Vanderbilt Law: What made you decide to apply for the Volkswagen plaintiffs’ steering committee?
Gerard Stranch: Volkswagen was clearly in hot water. They had admitted that they installed software that enabled their vehicles to cheat on emissions tests, and they didn’t tell consumers and dealers about it.
This was going to be an interesting case with a very strong class, presided over by an outstanding judge. I knew prominent lawyers from all over the country would apply for this committee—the court received 150 applicants. One of them was John Edwards, the former presidential candidate. Other committee members included David Boies and Joe Rice—one of the best in the country—who negotiated the national tobacco settlement. I really wanted to work on this case.
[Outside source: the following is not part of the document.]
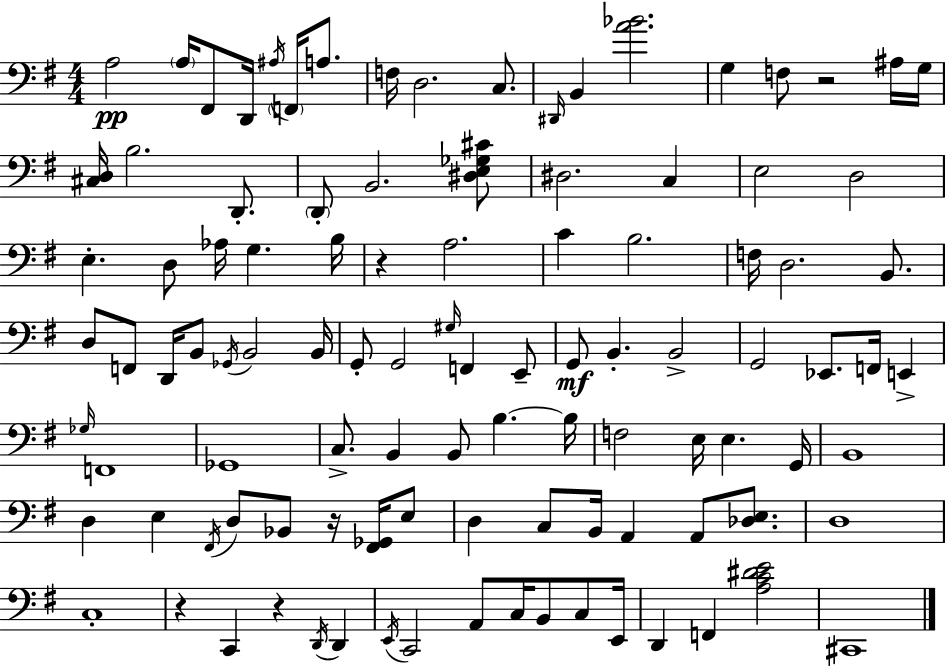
A3/h A3/s F#2/e D2/s A#3/s F2/s A3/e. F3/s D3/h. C3/e. D#2/s B2/q [A4,Bb4]/h. G3/q F3/e R/h A#3/s G3/s [C#3,D3]/s B3/h. D2/e. D2/e B2/h. [D#3,E3,Gb3,C#4]/e D#3/h. C3/q E3/h D3/h E3/q. D3/e Ab3/s G3/q. B3/s R/q A3/h. C4/q B3/h. F3/s D3/h. B2/e. D3/e F2/e D2/s B2/e Gb2/s B2/h B2/s G2/e G2/h G#3/s F2/q E2/e G2/e B2/q. B2/h G2/h Eb2/e. F2/s E2/q Gb3/s F2/w Gb2/w C3/e. B2/q B2/e B3/q. B3/s F3/h E3/s E3/q. G2/s B2/w D3/q E3/q F#2/s D3/e Bb2/e R/s [F#2,Gb2]/s E3/e D3/q C3/e B2/s A2/q A2/e [Db3,E3]/e. D3/w C3/w R/q C2/q R/q D2/s D2/q E2/s C2/h A2/e C3/s B2/e C3/e E2/s D2/q F2/q [A3,C4,D#4,E4]/h C#2/w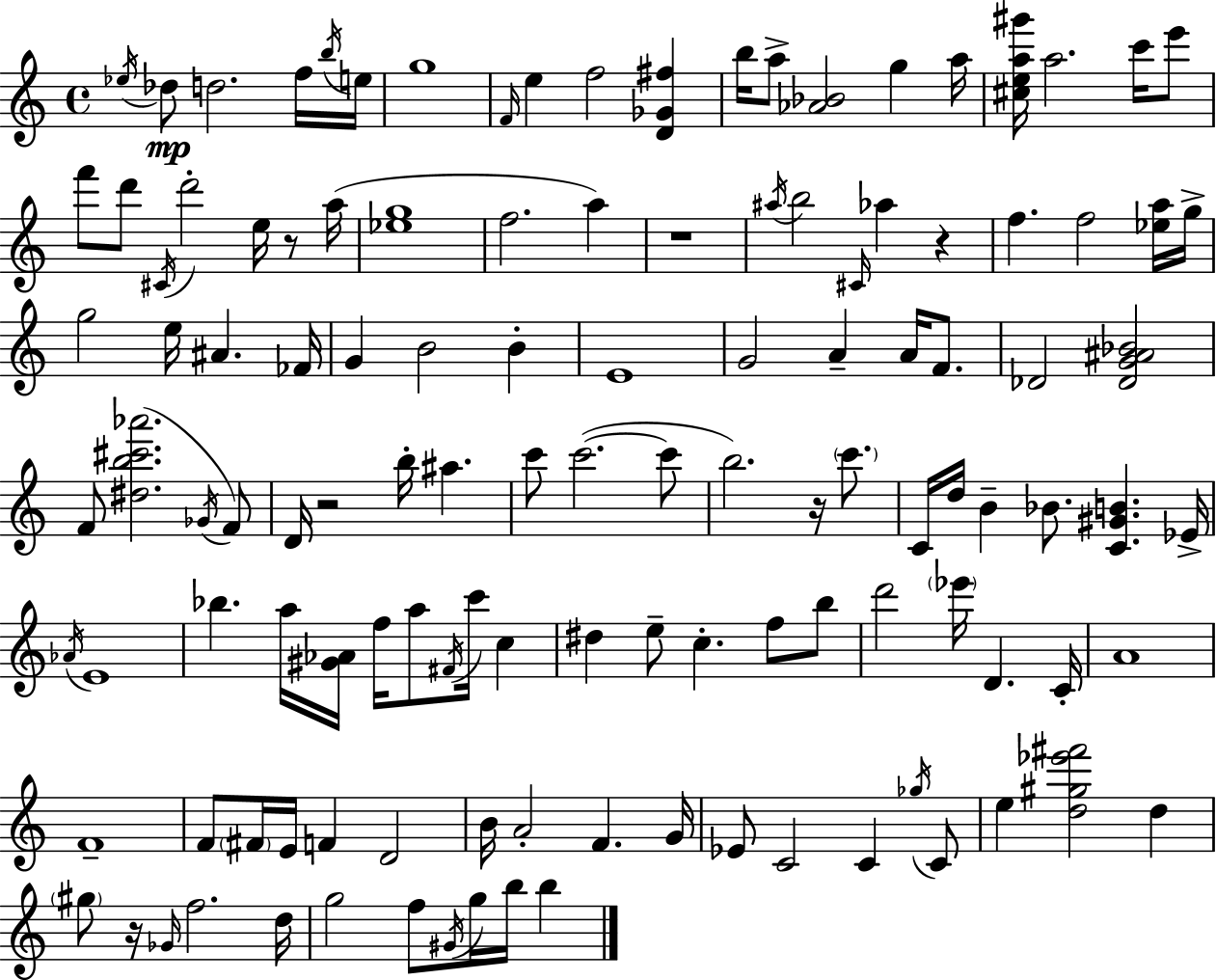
Eb5/s Db5/e D5/h. F5/s B5/s E5/s G5/w F4/s E5/q F5/h [D4,Gb4,F#5]/q B5/s A5/e [Ab4,Bb4]/h G5/q A5/s [C#5,E5,A5,G#6]/s A5/h. C6/s E6/e F6/e D6/e C#4/s D6/h E5/s R/e A5/s [Eb5,G5]/w F5/h. A5/q R/w A#5/s B5/h C#4/s Ab5/q R/q F5/q. F5/h [Eb5,A5]/s G5/s G5/h E5/s A#4/q. FES4/s G4/q B4/h B4/q E4/w G4/h A4/q A4/s F4/e. Db4/h [Db4,G4,A#4,Bb4]/h F4/e [D#5,B5,C#6,Ab6]/h. Gb4/s F4/e D4/s R/h B5/s A#5/q. C6/e C6/h. C6/e B5/h. R/s C6/e. C4/s D5/s B4/q Bb4/e. [C4,G#4,B4]/q. Eb4/s Ab4/s E4/w Bb5/q. A5/s [G#4,Ab4]/s F5/s A5/e F#4/s C6/s C5/q D#5/q E5/e C5/q. F5/e B5/e D6/h Eb6/s D4/q. C4/s A4/w F4/w F4/e F#4/s E4/s F4/q D4/h B4/s A4/h F4/q. G4/s Eb4/e C4/h C4/q Gb5/s C4/e E5/q [D5,G#5,Eb6,F#6]/h D5/q G#5/e R/s Gb4/s F5/h. D5/s G5/h F5/e G#4/s G5/s B5/s B5/q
VL: Why do you think you were selected?
GS: I answered the questions the court asked applicants to address. Judge Breyer said, “Don’t tell me how well-qualified you are and how great your firm is. Tell me what you have to offer that uniquely qualifies you for this role.” I had three unique qualifications. First, I speak fluent German, and I’ve used that in my litigation practice before. Second, I’m close in geographic location to Volkswagen’s Chattanooga plant, where many of the exhaust systems were installed. Third, I was pretty sure I was the only applicant who had actually worked on diesel engines. Growing up, I spent pretty much every weekend on the farm with my grandfather, and we had farm equipment with diesel engines. I’d taken them apart and put them back together.
After we submitted written applications, all 150 people showed up to make their pitch. We were there from 9 a.m. to 3 p.m., and we each had four minutes to tell Judge Breyer why we should be on that committee.
VL: When did you learn to speak German?
GS: I had the great opportunity when I was 15 to spend a year in Germany as an exchange student. I went right after the Berlin Wall came down and ended up in Hohenfelde near Rostock in old East Germany. Most West Germans were fluent in English, but in East Germany people spoke German and Russian. No one spoke English in Hohenfelde but me. I could either learn to speak German or sit there all year and not interact with anyone.
VL: How did that help with the case?
GS: Many documents pertaining to this case were in German, and I traveled to Germany a couple of times to meet with confidential witnesses and governmental sources.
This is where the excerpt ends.